That was the subject head of an e-update I got earlier this evening from the Travel Channel: "Delicious or Fatal? Travel Channel Goes Dining With Death." Now if this is your, er, cup of tea, and you're reading this just as it's posted, which is just as the show is beginning in the Eastern Time Zone (and, I assume the Central), then don't let me keep you from it.

And if you haven't been that fortunate schedule-wise with your blog reading, feel free to check your TV listings to see if there isn't a repeat scheduled later tonight. If not, of course, there's bound to be a repeat or 12 scheduled in the days to come. Normally I might run that schedule check for you, but I think I'm going to sit this "culinary adventure to the dark side" out from the sidelines.

But let's back up a little. Here's how the even was blurbed in Travel Channel's e-mail:
Fatal Foodies
How far would you go for your favorite food delicacies? Andrew Zimmern of Bizarre Foods takes a culinary adventure to the dark side of dinner. From poisonous snakes that can choke you, to sea creatures that can paralyze you, and spiders whose venom can make your heart stop, meet the people who risk it all for dinner. See how they do it on Dining with Death, tonight at 9 E/P, only on Travel Channel.
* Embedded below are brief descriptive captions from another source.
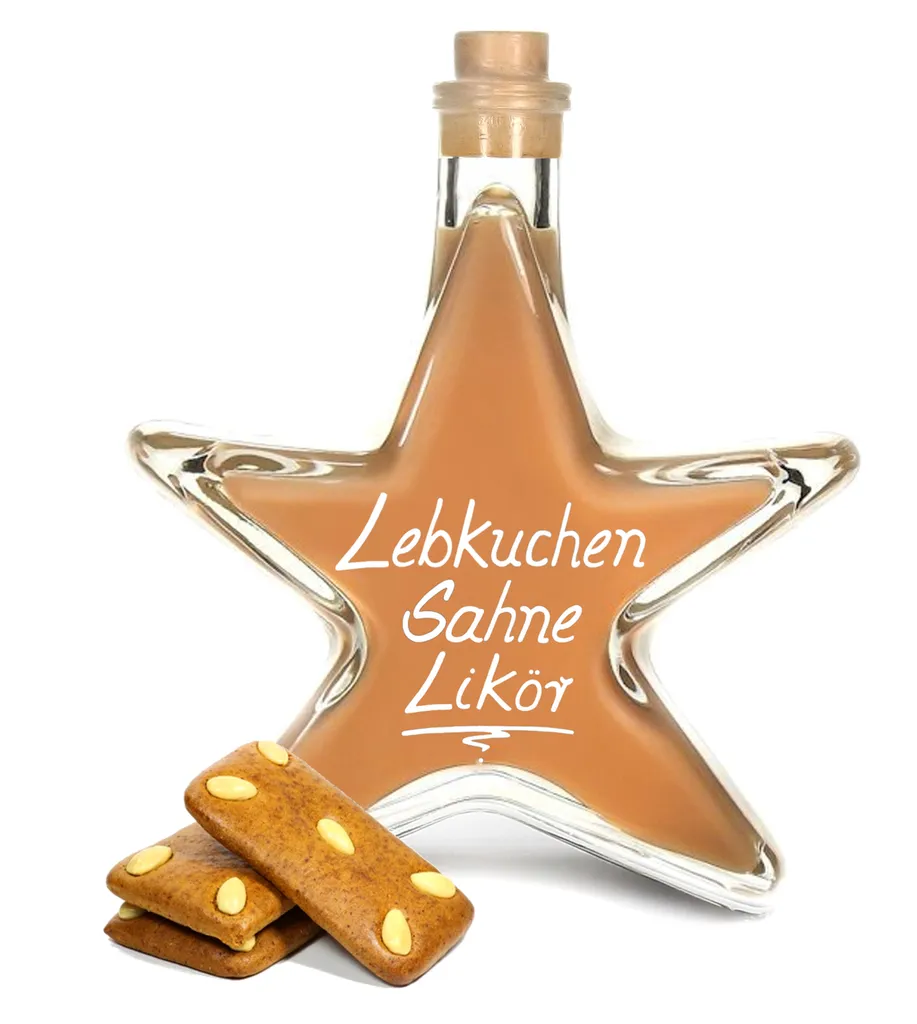 Geniess-Bar! Lebkuchen Sahnecreme Likör 0,2 L Sternflasche Weihnachtsflasche Präsent 1 Geniess-Bar! Lebkuchen Sahnecreme Likör 0,2 L Sternflasche Weihnachtsflasche Präsent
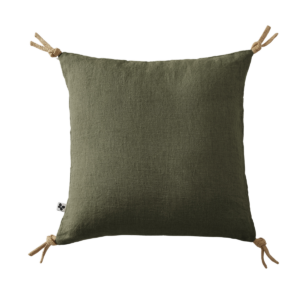Coussin déhoussable lin lavé 45 x 45 cm SOLINE avec pompons nouettes en jute - L'effet papillon - thym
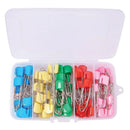 100pcs Assorted Colour Safety Pins Box, Plastic Head Diaper Metal Pins for Baby Nappy, Fastening Securing Clothing, Crafting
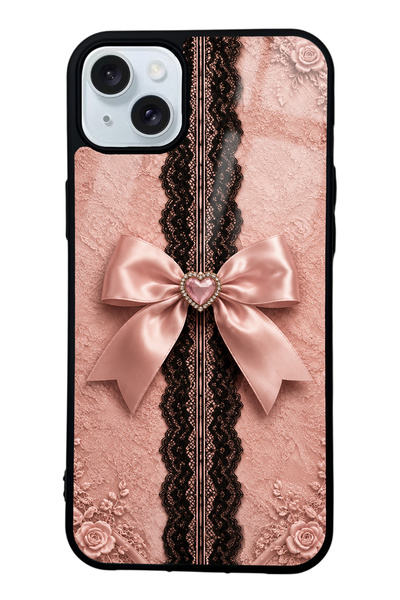 Spoyi iPhone 15 Plus Glossy Phone Case with Pink Lace Bow Design
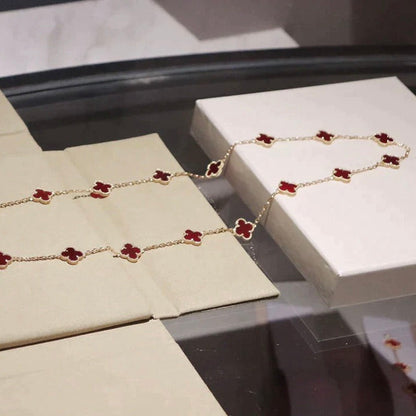 [⭐moonlume]CLOVER 20 MOTIFS CARNELIAN NECKLACE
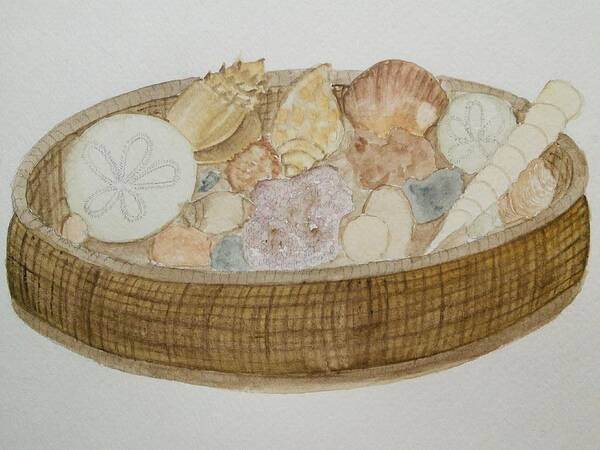 Sea Shells Poster featuring the painting Basket of Beach Memories by Susan Nielsen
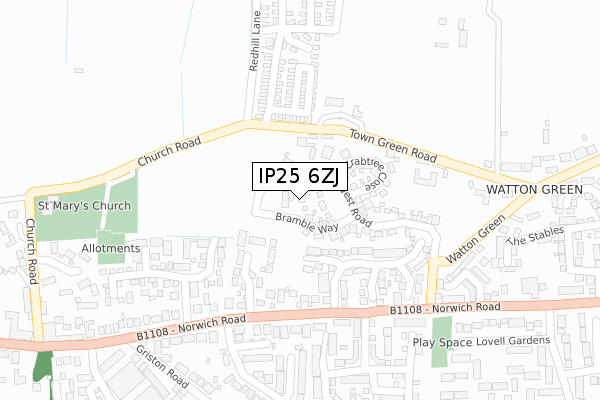 IP25 6ZJ map - large scale - OS Open Zoomstack (Ordnance Survey) IP25 6ZJ map - large scale - OS Open Zoomstack (Ordnance Survey)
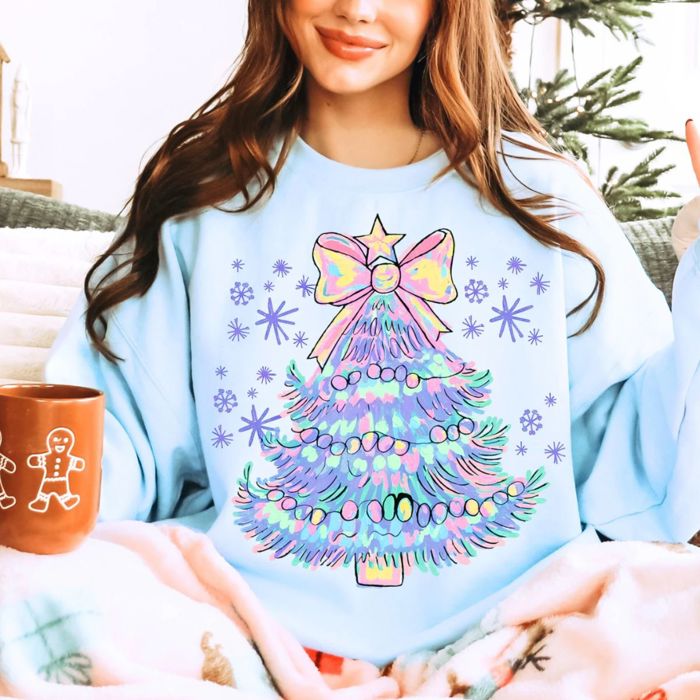 Merry and Bright Sparkly Pastel Christmas Tree - Soft Drop Shoulder Comfy Sweatshirt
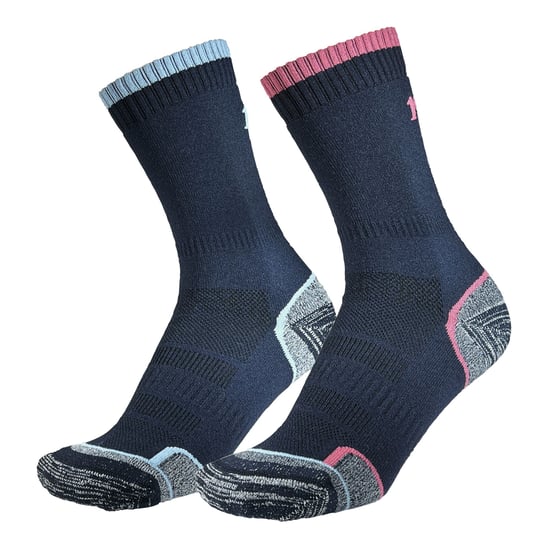 1000 Mile - 2 Pack Ladies Walking Single Layer Breathable Padded Socks - Navy - Image 3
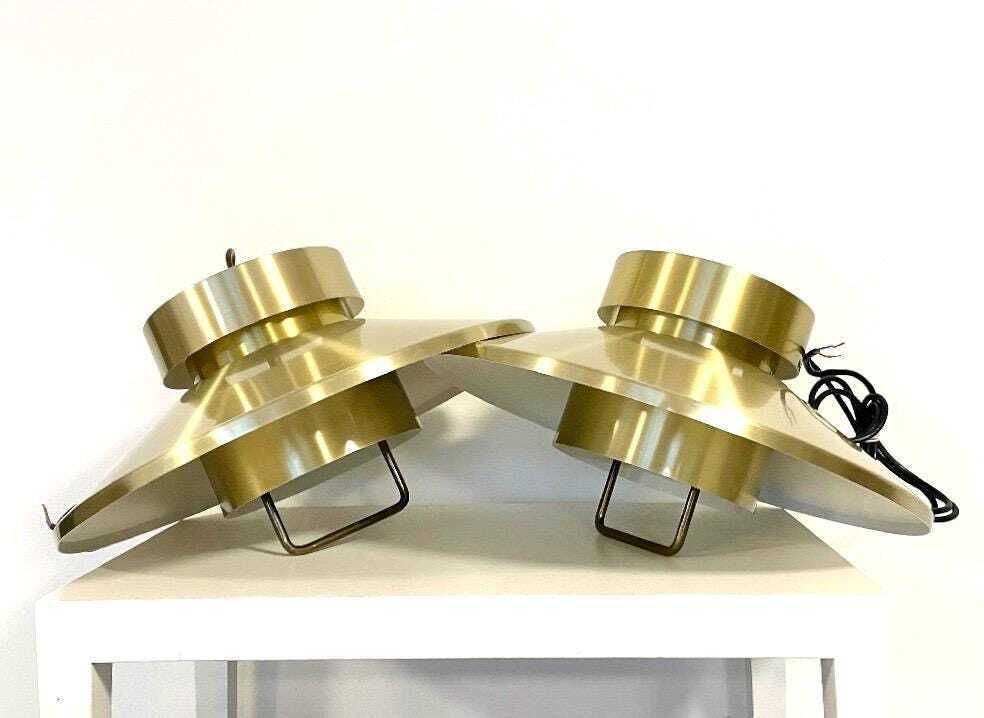 Danish Mid Century Modern Pair Of Lyskær Design Minimalist Ceiling Lamps With Gold Painted Multilayer Metal Shades And Hanger photo Lighting
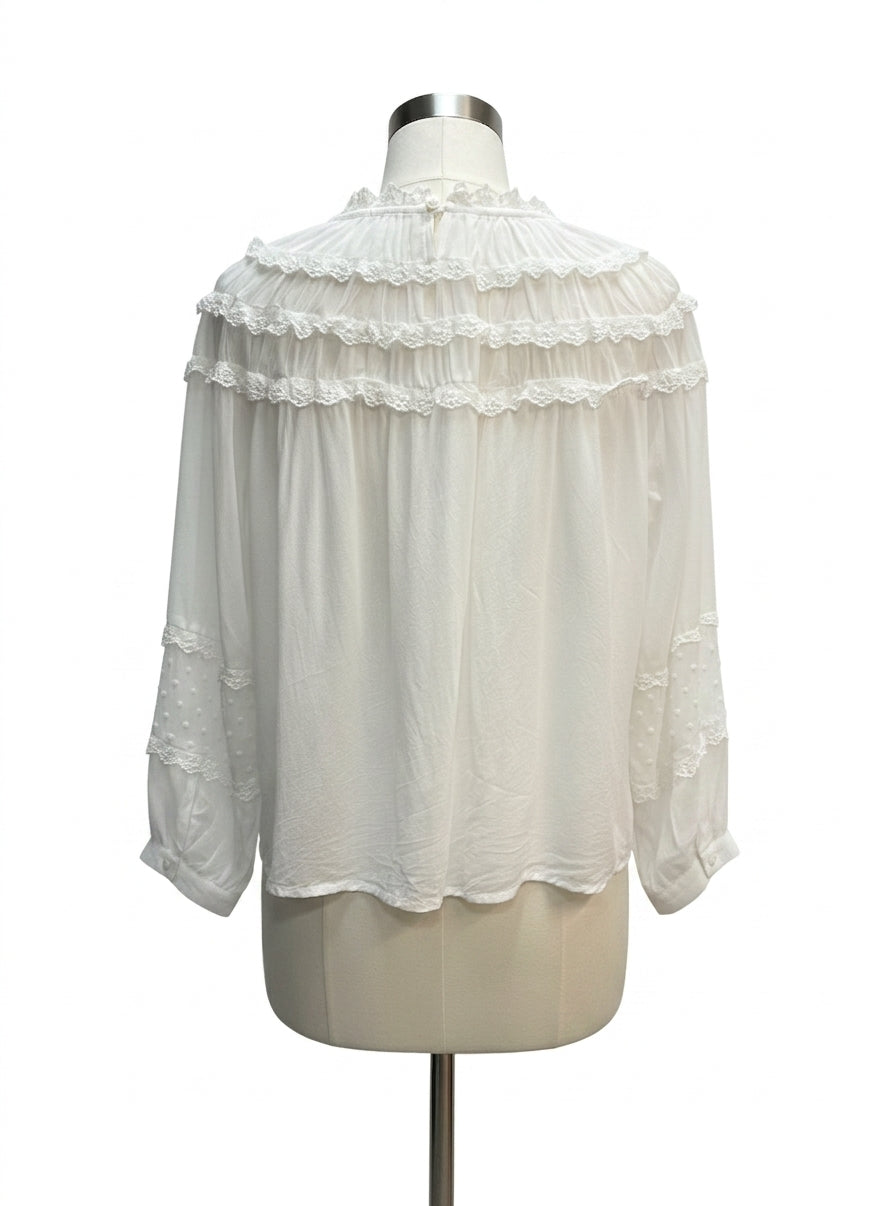 Sundance · Boho Chic Top Lace Trim · Large · White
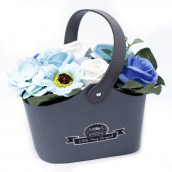 Bouquet Petite Basket - Soothing Blues - Click Image to Close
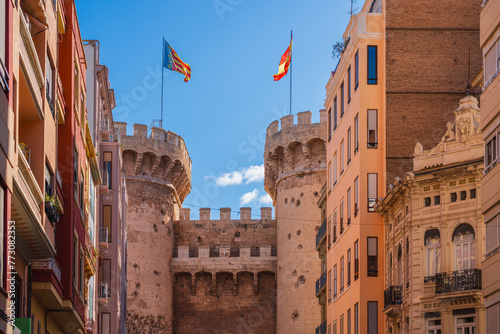 Quart Towers, historical landmark, ancient gate to the Old City district, Valencia, Spain photo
[There's also a link for a slide show, though the slide show in question is headed "Rodents, Reptiles and Toads." Is this the right slide show? The lead photo, by the way, is a closeup of a crocodile's snout with the caption: "A crocodile's bite is 10 times more deadly than the bite of a great white shark." Now that really shouts "Come 'n' get it" to me! That would make, what?, a lovely terrine?]

Now far be it from me to suggest that there shouldn't be such a show for people who want to watch it. But that doesn't stop me from wondering about the people who want to watch it.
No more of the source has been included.